== What the exercise asks ==
The answer should hold only the lines from the one containing "6000.Panoramablick / Chalet-Projekt" through the one containing "Captive on the" in the entries below, copied exactly, without pictures.

== Exercise inputs ==
++++

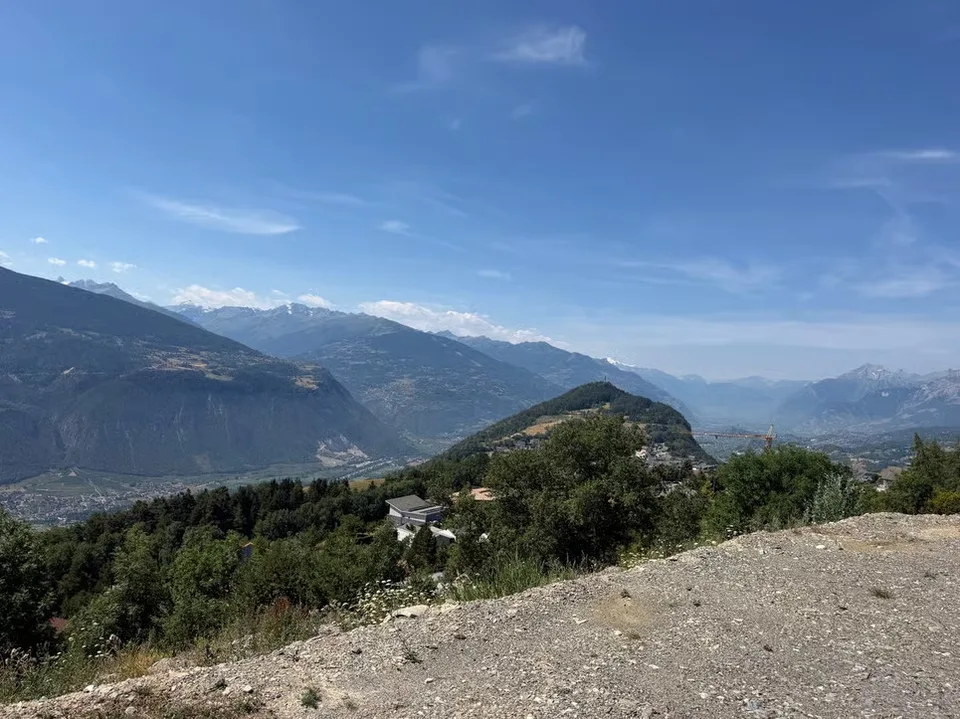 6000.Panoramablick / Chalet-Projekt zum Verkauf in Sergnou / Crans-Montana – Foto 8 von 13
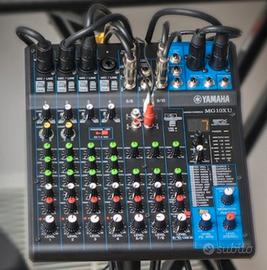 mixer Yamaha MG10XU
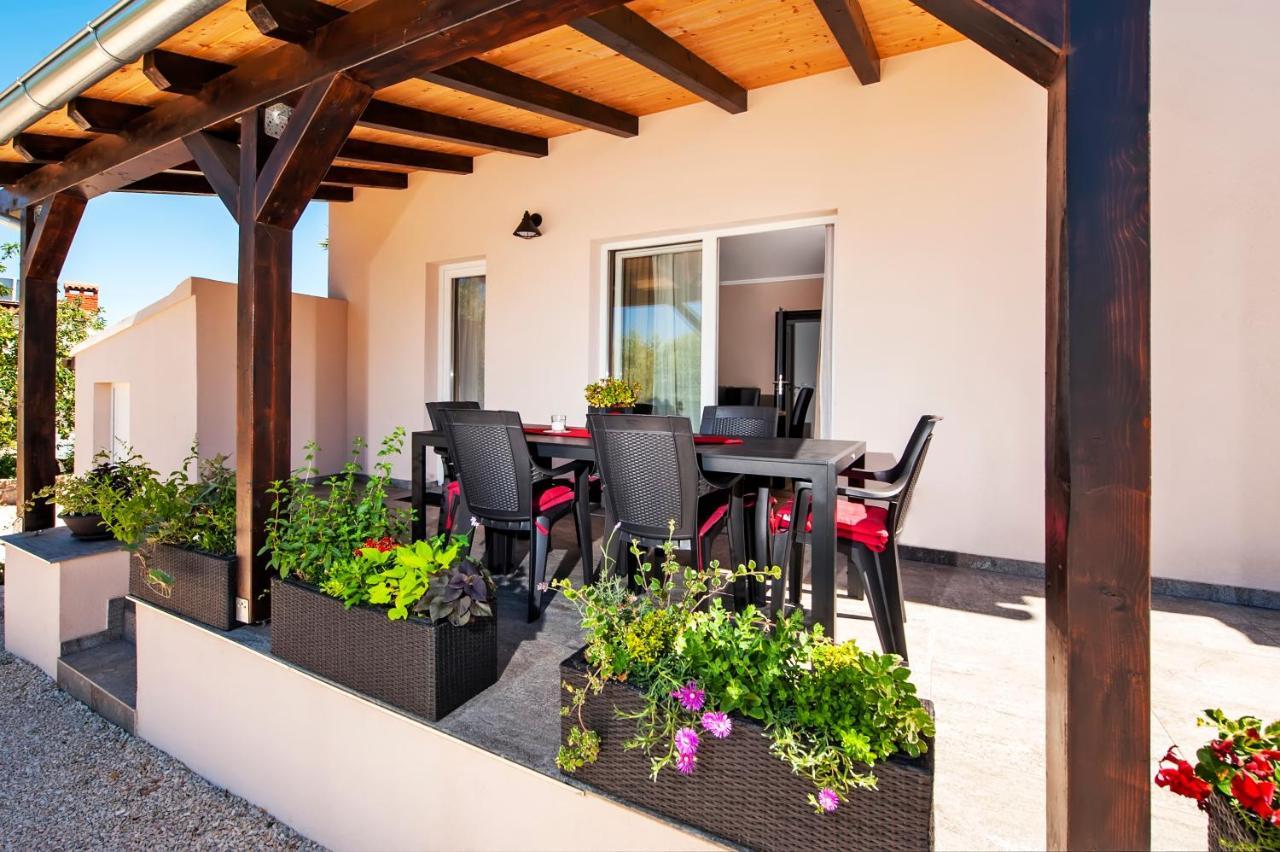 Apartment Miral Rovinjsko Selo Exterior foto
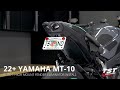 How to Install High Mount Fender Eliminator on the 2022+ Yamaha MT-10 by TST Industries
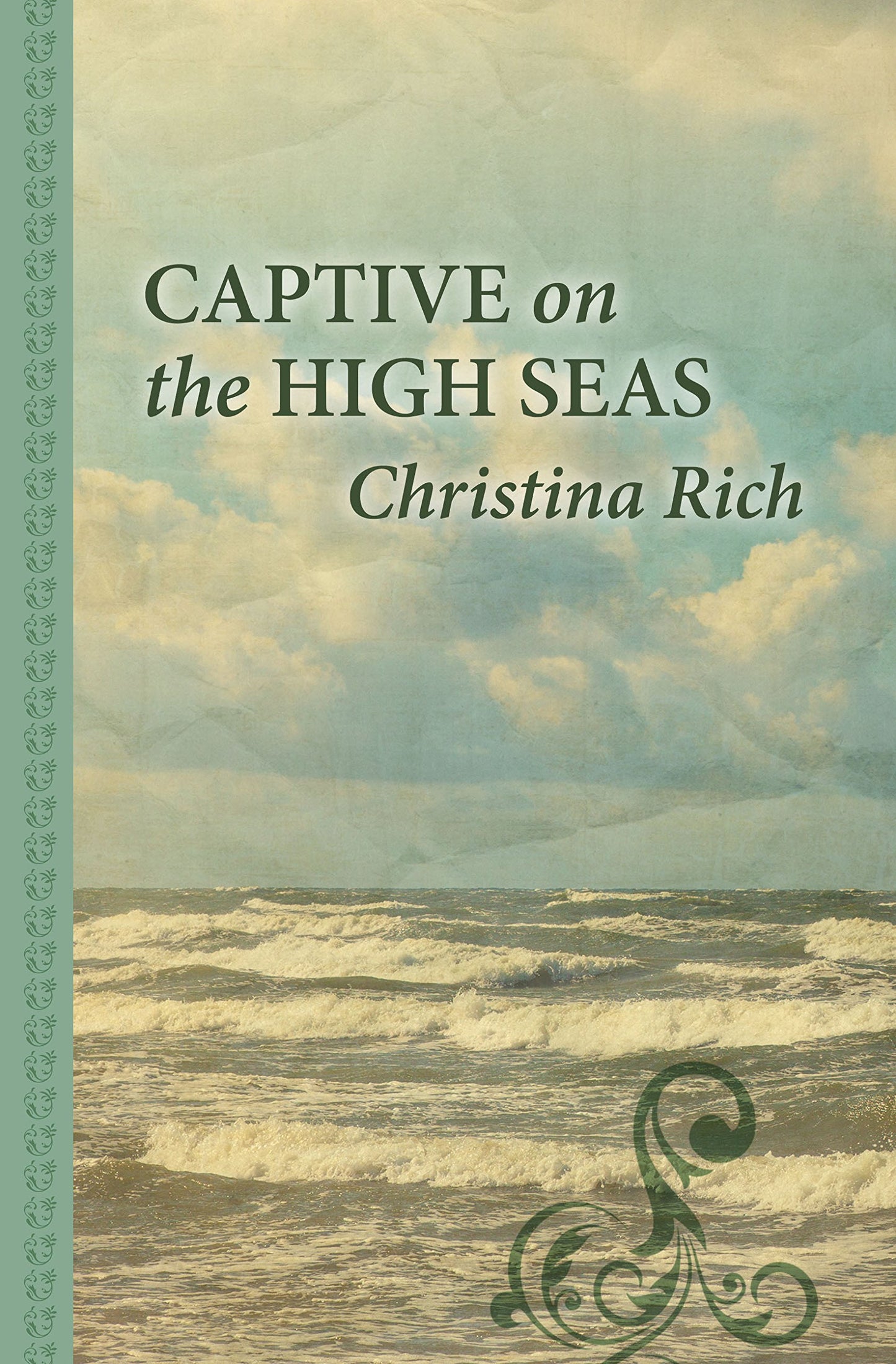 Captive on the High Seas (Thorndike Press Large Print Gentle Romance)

++++

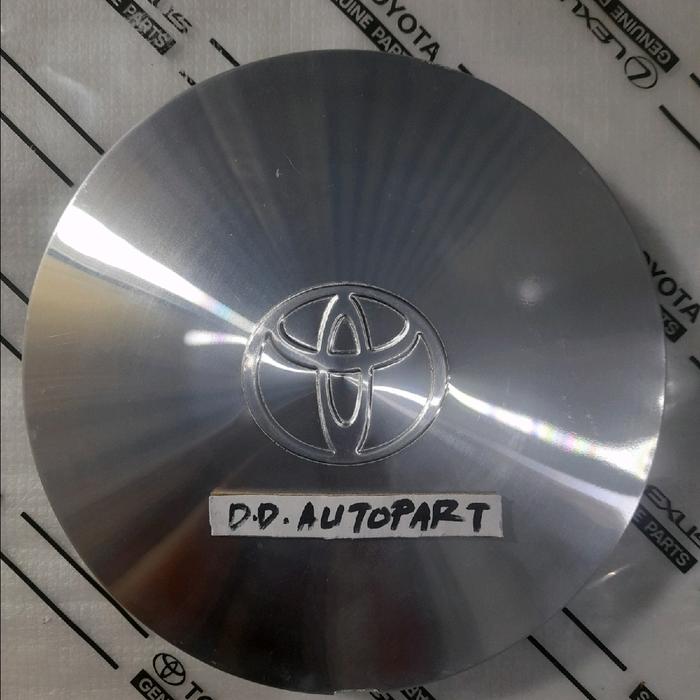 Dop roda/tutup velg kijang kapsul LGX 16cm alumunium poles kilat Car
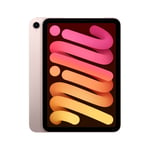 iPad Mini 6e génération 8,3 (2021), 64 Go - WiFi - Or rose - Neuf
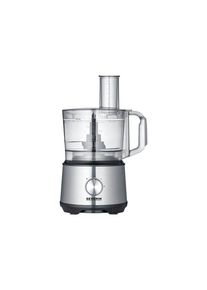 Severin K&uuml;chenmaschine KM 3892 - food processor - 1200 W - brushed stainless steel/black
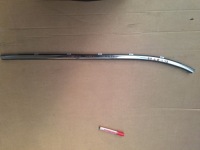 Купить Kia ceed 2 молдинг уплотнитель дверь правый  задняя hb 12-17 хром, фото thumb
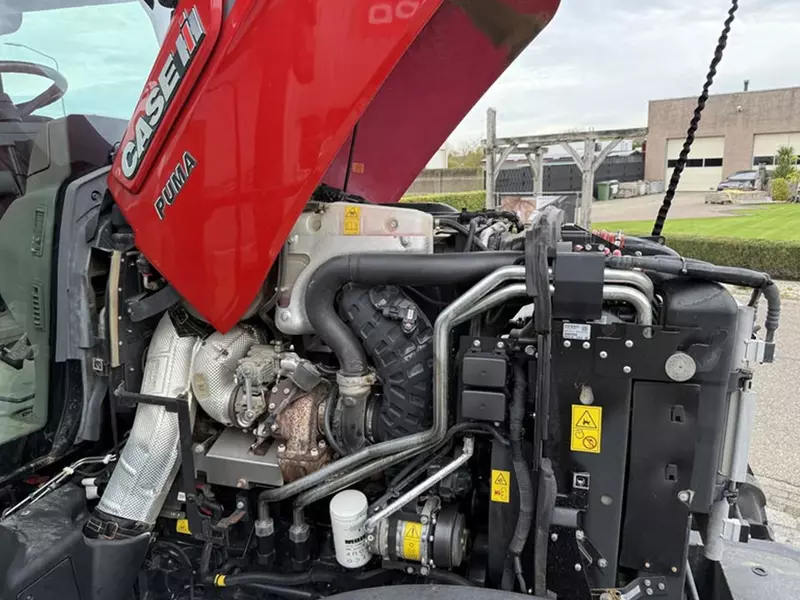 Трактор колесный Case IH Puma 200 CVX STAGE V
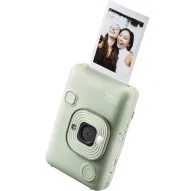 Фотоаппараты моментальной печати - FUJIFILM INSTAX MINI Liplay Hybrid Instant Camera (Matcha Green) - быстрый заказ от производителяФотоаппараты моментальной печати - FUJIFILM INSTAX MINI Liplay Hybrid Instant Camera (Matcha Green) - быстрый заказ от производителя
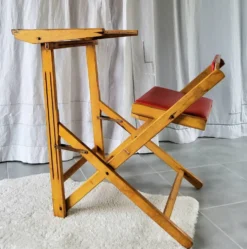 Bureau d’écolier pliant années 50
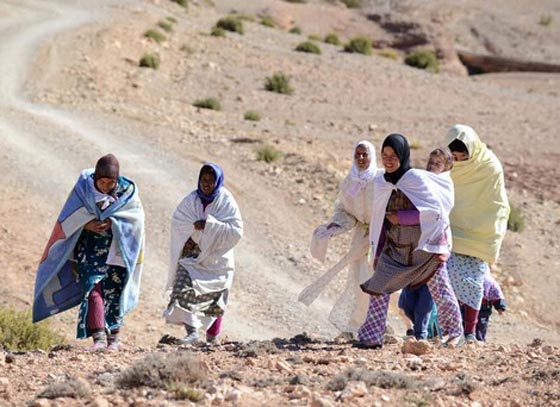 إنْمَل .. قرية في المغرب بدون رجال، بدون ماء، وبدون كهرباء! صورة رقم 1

++++

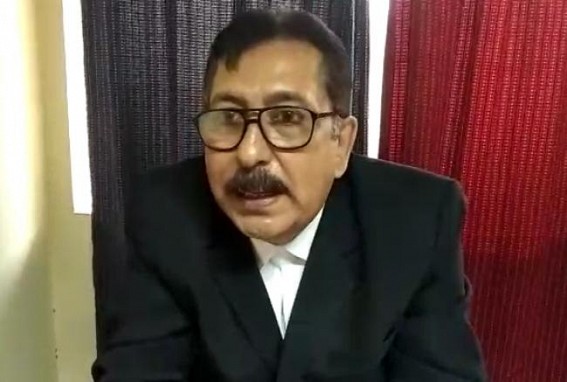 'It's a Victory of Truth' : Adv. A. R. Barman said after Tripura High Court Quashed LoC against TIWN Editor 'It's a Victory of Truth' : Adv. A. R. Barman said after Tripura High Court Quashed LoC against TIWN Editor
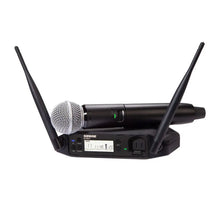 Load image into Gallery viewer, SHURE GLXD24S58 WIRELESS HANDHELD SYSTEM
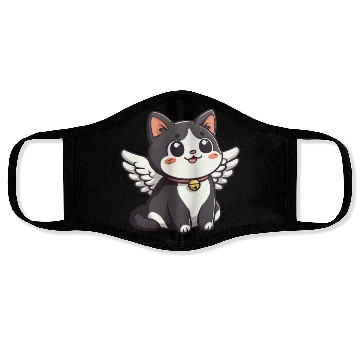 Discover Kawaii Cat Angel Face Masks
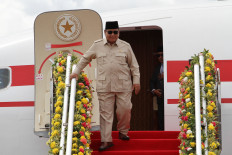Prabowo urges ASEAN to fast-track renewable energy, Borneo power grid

++++

== Written answer ==
 6000.Panoramablick / Chalet-Projekt zum Verkauf in Sergnou / Crans-Montana – Foto 8 von 13
 mixer Yamaha MG10XU
 Apartment Miral Rovinjsko Selo Exterior foto
 How to Install High Mount Fender Eliminator on the 2022+ Yamaha MT-10 by TST Industries
 Captive on the High Seas (Thorndike Press Large Print Gentle Romance)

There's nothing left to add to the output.